- _What to produce_
Write out exactly the lines below starting at the one containing "Building Photo - 3438 E Monte Vista Dr" and ending at the one containing "У Харківській області". Omit every picture.

- _Working data_
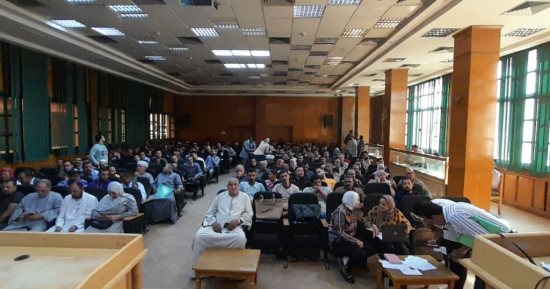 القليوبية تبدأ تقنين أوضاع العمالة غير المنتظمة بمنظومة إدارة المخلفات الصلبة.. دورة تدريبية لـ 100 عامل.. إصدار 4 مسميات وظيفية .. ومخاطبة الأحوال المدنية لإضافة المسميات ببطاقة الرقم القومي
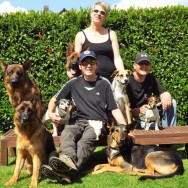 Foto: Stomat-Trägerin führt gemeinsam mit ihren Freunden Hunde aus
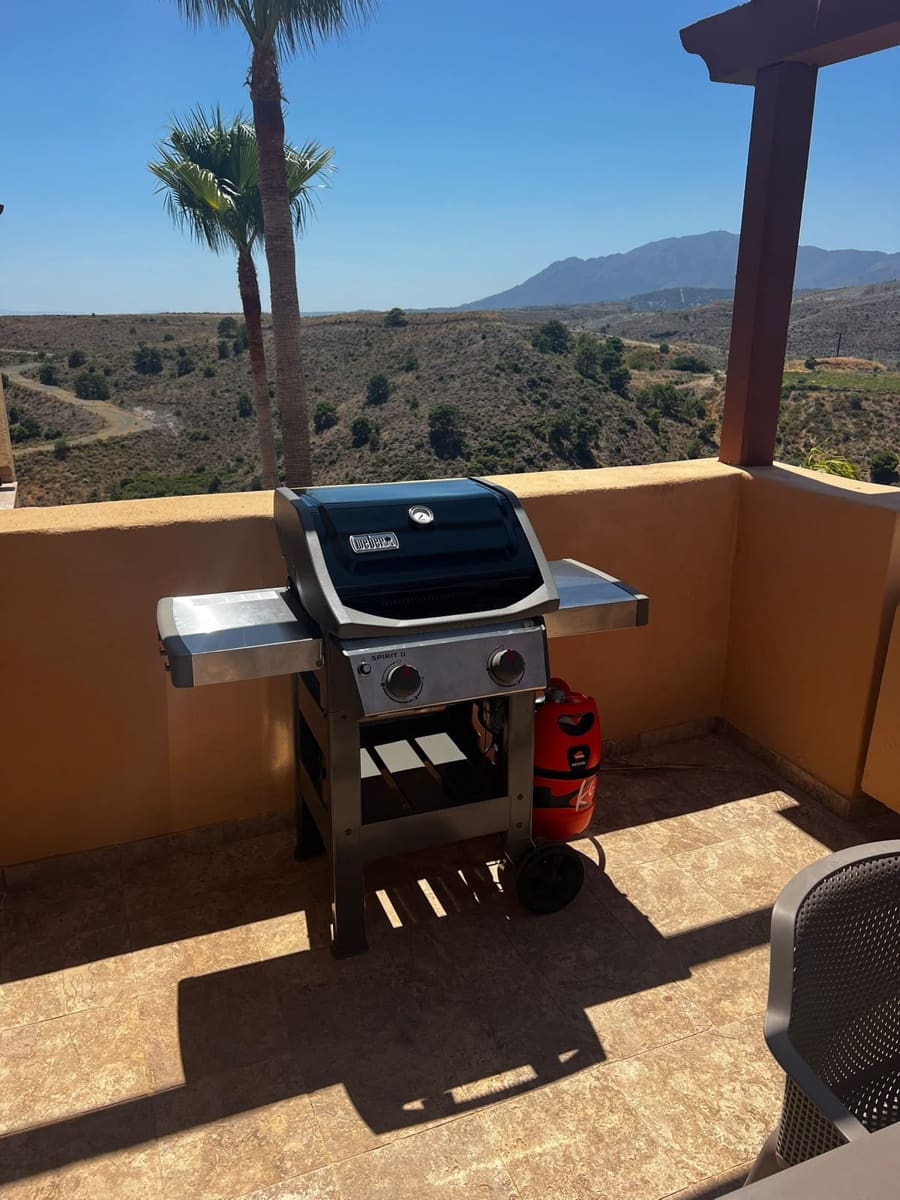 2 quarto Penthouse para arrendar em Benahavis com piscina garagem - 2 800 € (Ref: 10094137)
---
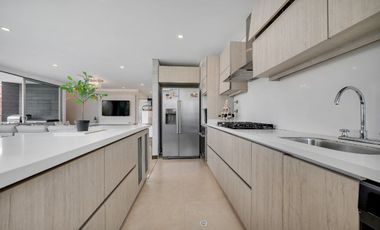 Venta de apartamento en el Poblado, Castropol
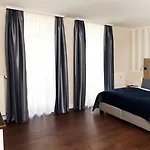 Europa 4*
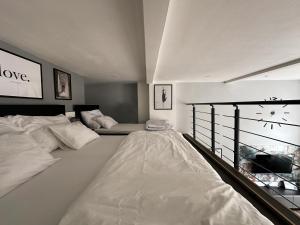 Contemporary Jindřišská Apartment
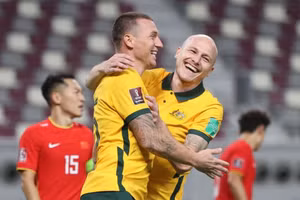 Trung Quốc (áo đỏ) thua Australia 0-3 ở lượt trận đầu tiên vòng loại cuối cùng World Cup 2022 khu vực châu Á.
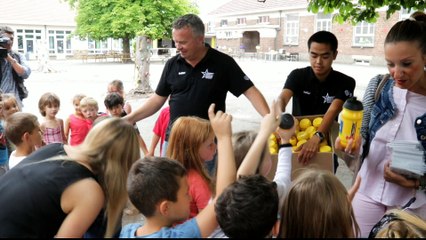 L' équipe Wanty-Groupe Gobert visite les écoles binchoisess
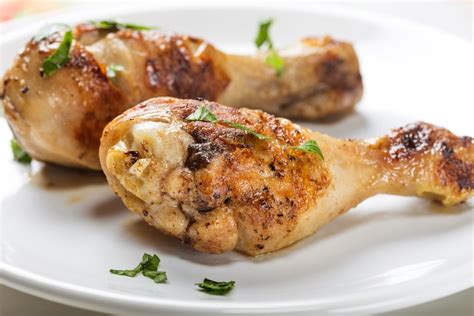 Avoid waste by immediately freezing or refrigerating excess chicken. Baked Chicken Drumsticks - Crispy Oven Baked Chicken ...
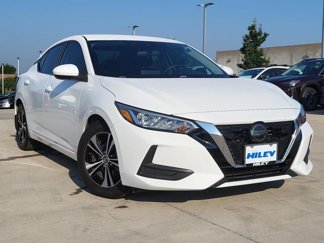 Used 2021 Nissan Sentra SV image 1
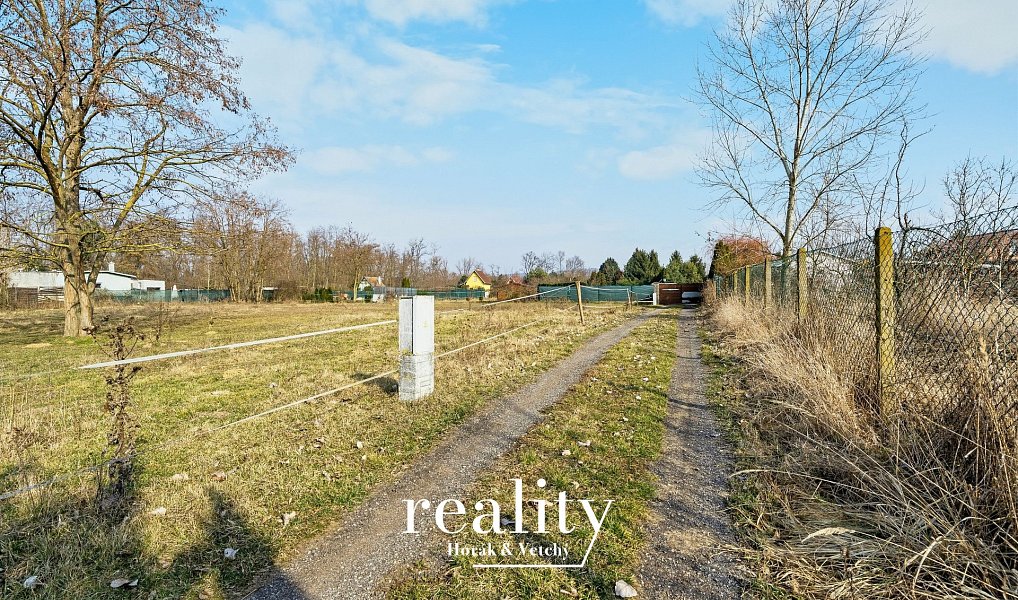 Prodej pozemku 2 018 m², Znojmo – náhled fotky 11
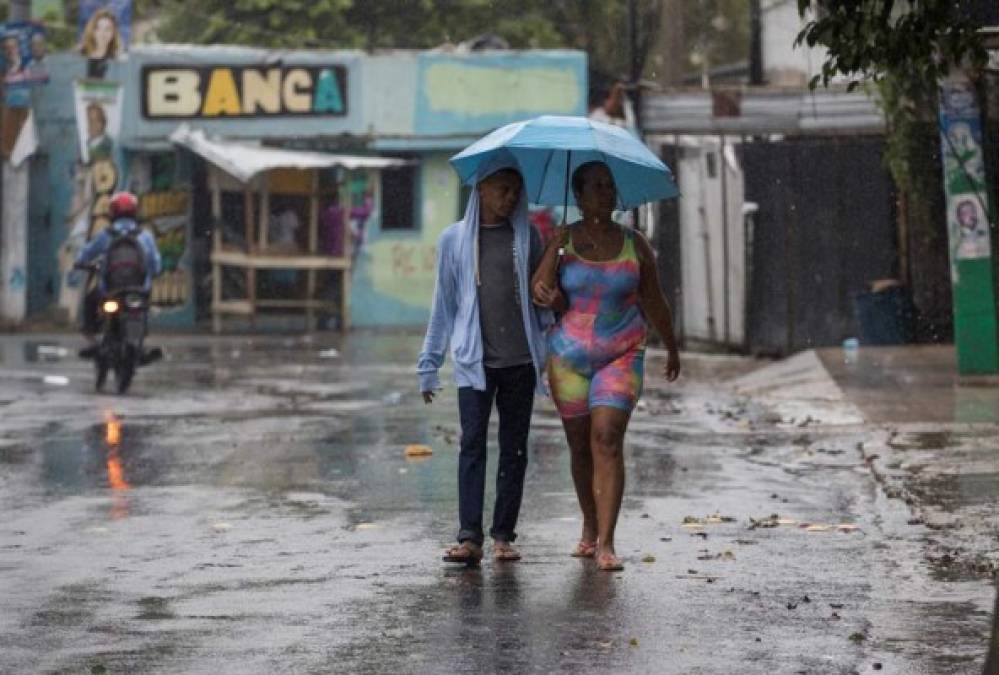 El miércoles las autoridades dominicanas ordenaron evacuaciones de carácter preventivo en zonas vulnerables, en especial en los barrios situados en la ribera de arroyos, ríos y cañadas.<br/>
--
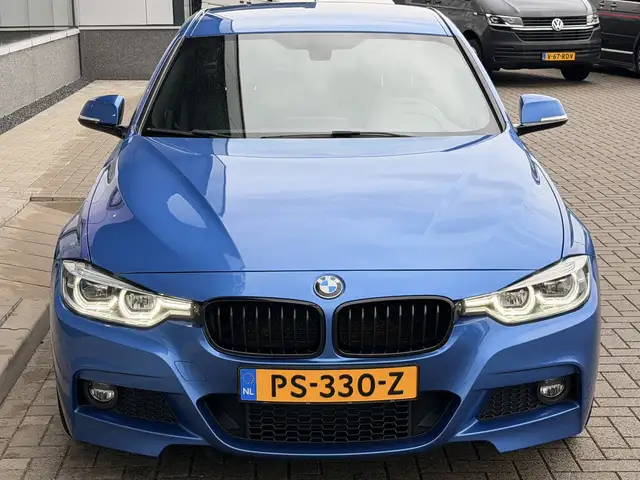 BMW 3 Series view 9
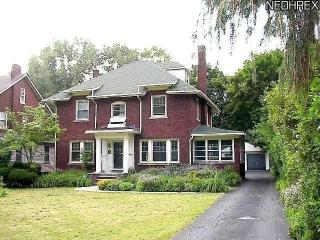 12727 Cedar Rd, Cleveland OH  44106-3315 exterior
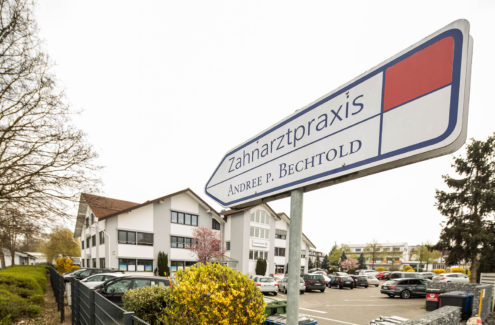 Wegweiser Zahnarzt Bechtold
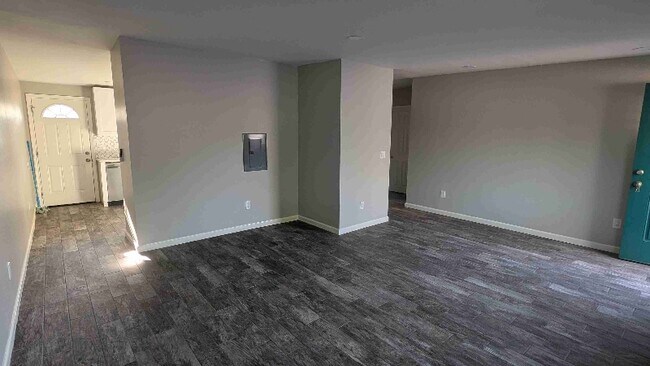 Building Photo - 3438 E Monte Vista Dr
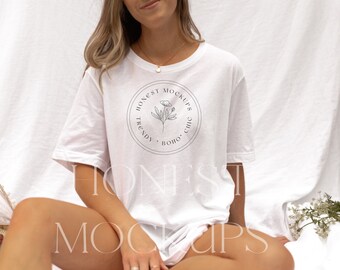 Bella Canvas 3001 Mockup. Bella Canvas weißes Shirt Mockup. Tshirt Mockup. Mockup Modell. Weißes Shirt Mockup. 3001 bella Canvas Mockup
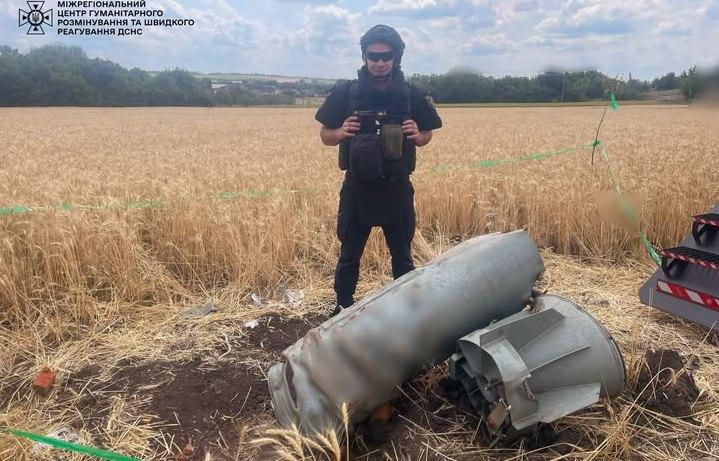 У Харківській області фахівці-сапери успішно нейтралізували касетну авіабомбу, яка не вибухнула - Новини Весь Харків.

- _Written response_
 Building Photo - 3438 E Monte Vista Dr
 Bella Canvas 3001 Mockup. Bella Canvas weißes Shirt Mockup. Tshirt Mockup. Mockup Modell. Weißes Shirt Mockup. 3001 bella Canvas Mockup
 У Харківській області фахівці-сапери успішно нейтралізували касетну авіабомбу, яка не вибухнула - Новини Весь Харків.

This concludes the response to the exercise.